* [Task directions]: Where the line containing "Closed - Roblox script executor (Fluxus)" appears below, start there and repeat each line exactly to the end. Leave the pictures out.

>>>

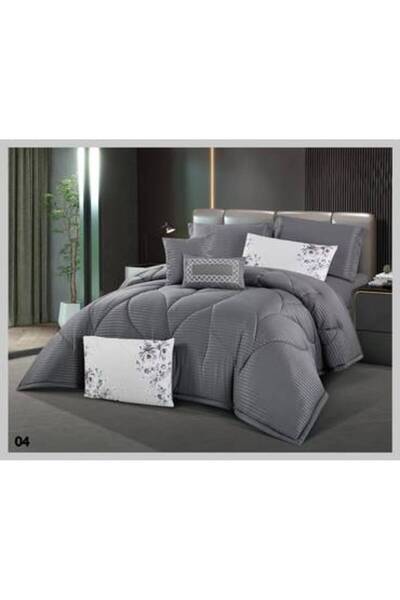 Jinan sa Striped Summer Bedspread - Queen Size 150x200 cm, 5-Piece Set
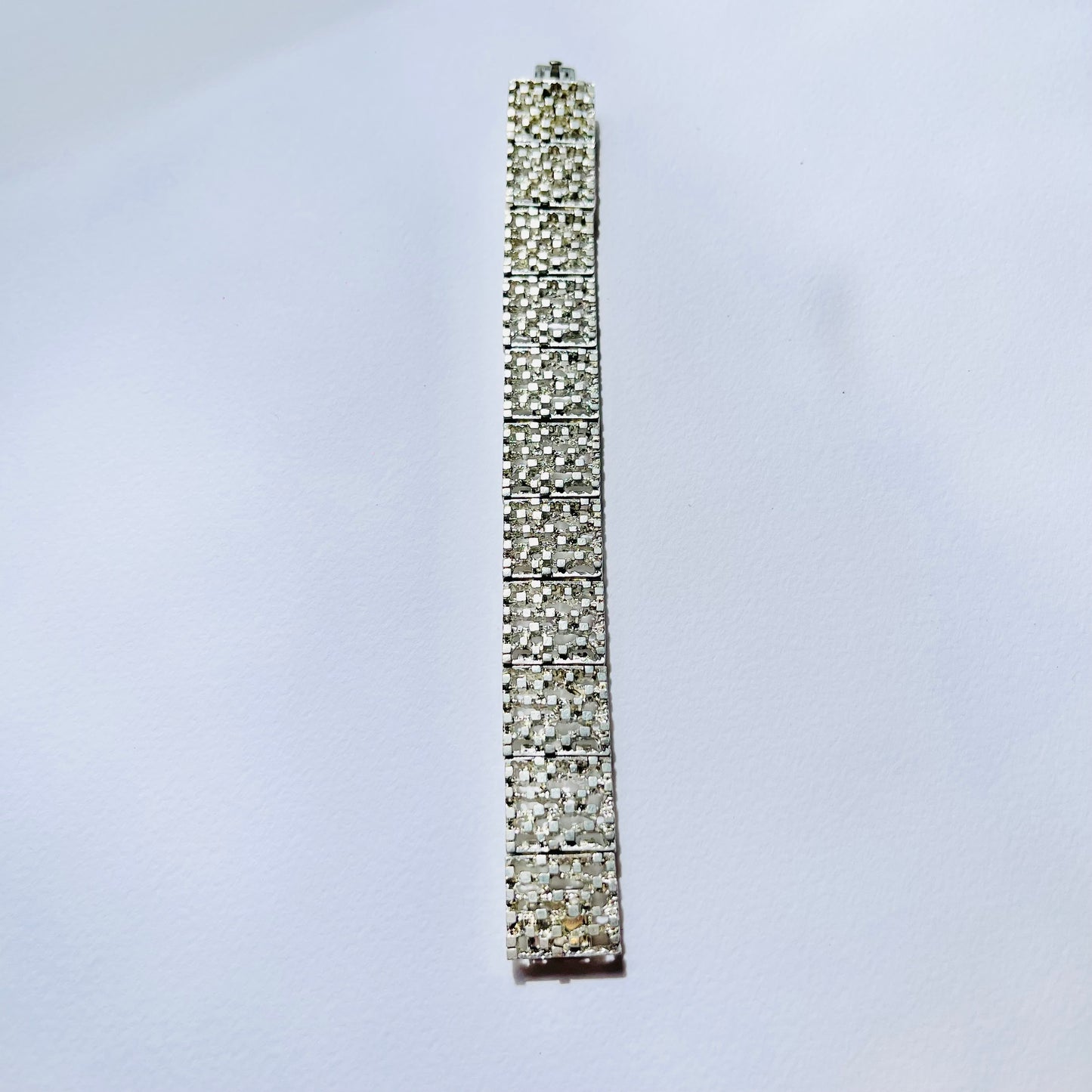 1960s MODERNIST BRUTALIST PUZZLE BRACELET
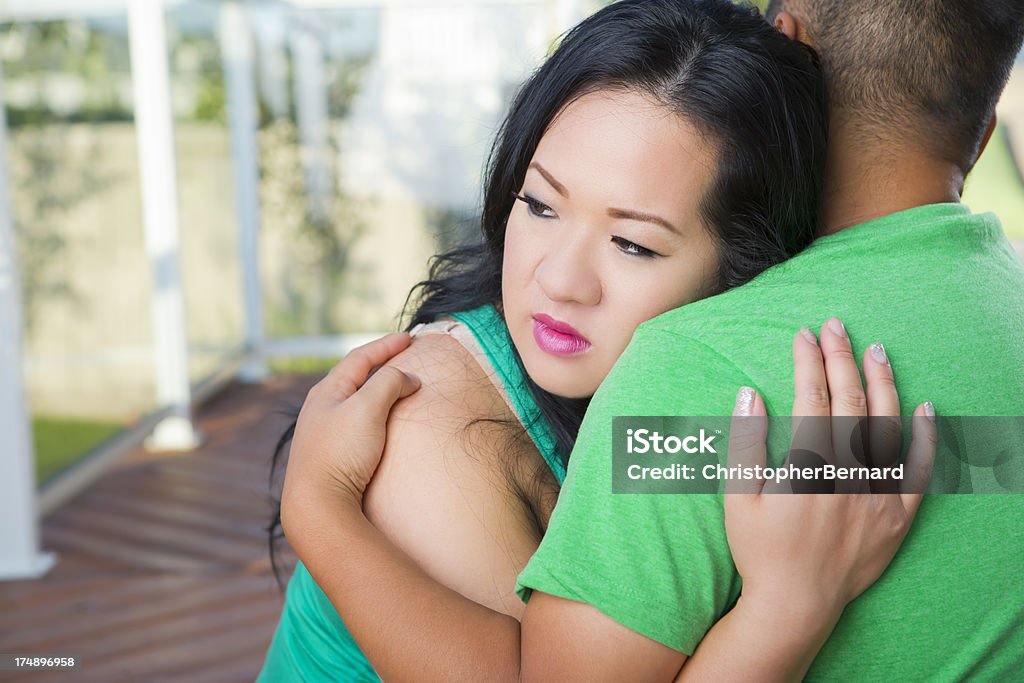 Asian couple outdoor portrait Asian couple portrait outdoor on deck 20-24 Years Stock Photo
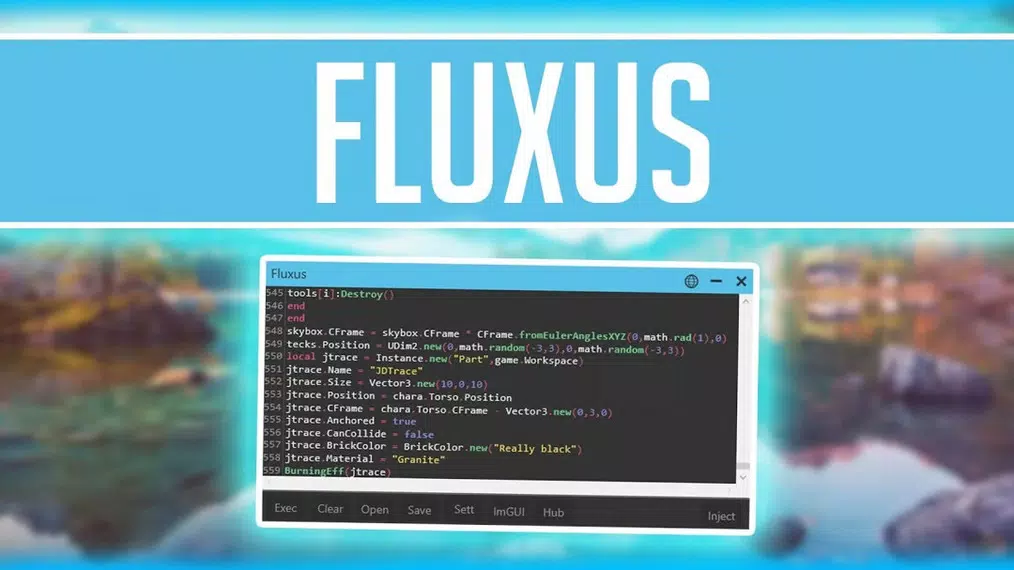 Closed - Roblox script executor (Fluxus)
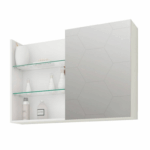 ESPELHEIRA JASMIM 60CM BRANCO MGM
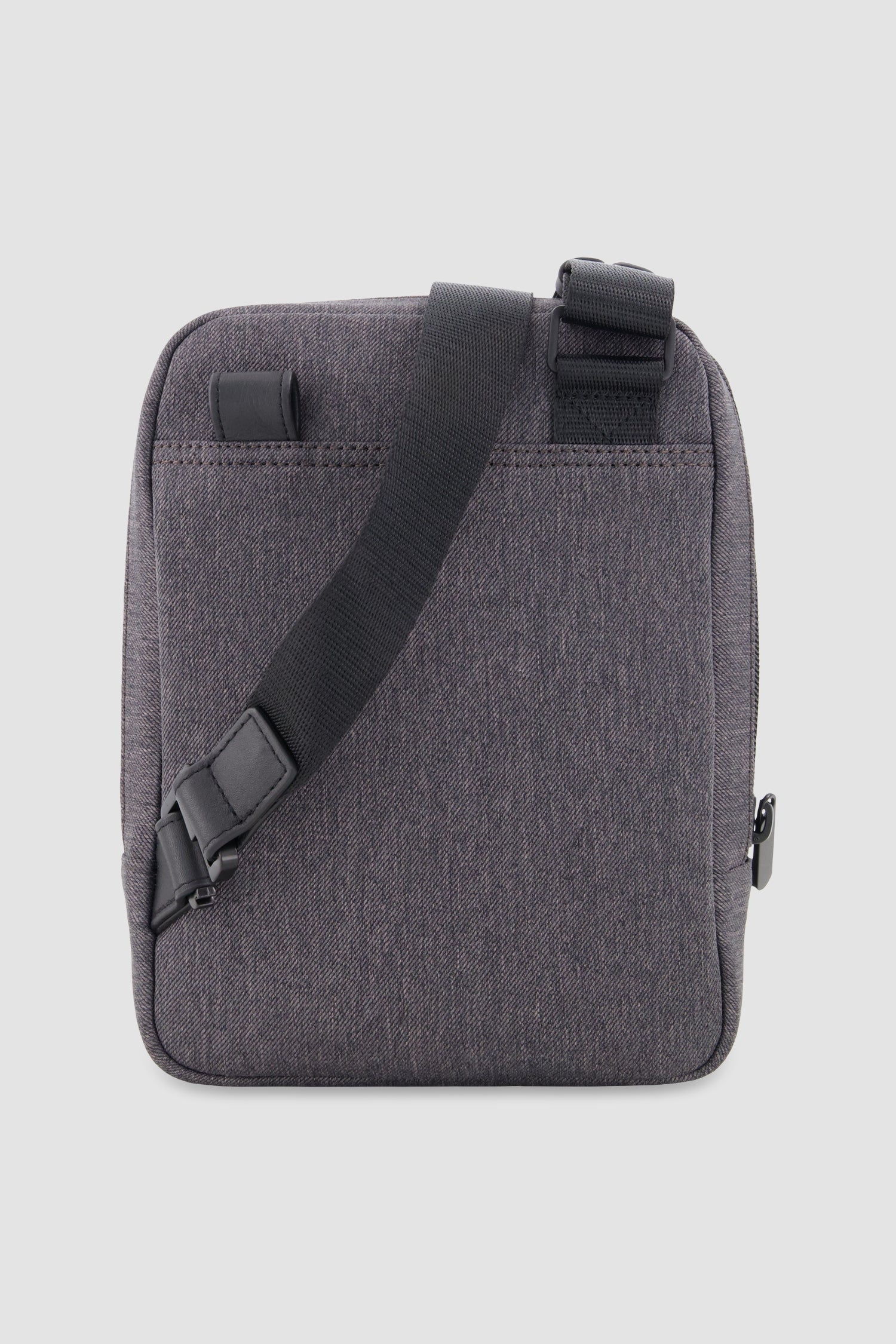 Piquadro Grey/Black Crossbody Bag - Image 3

<<<

* [Written answer]:
 Closed - Roblox script executor (Fluxus)
 ESPELHEIRA JASMIM 60CM BRANCO MGM
 Piquadro Grey/Black Crossbody Bag - Image 3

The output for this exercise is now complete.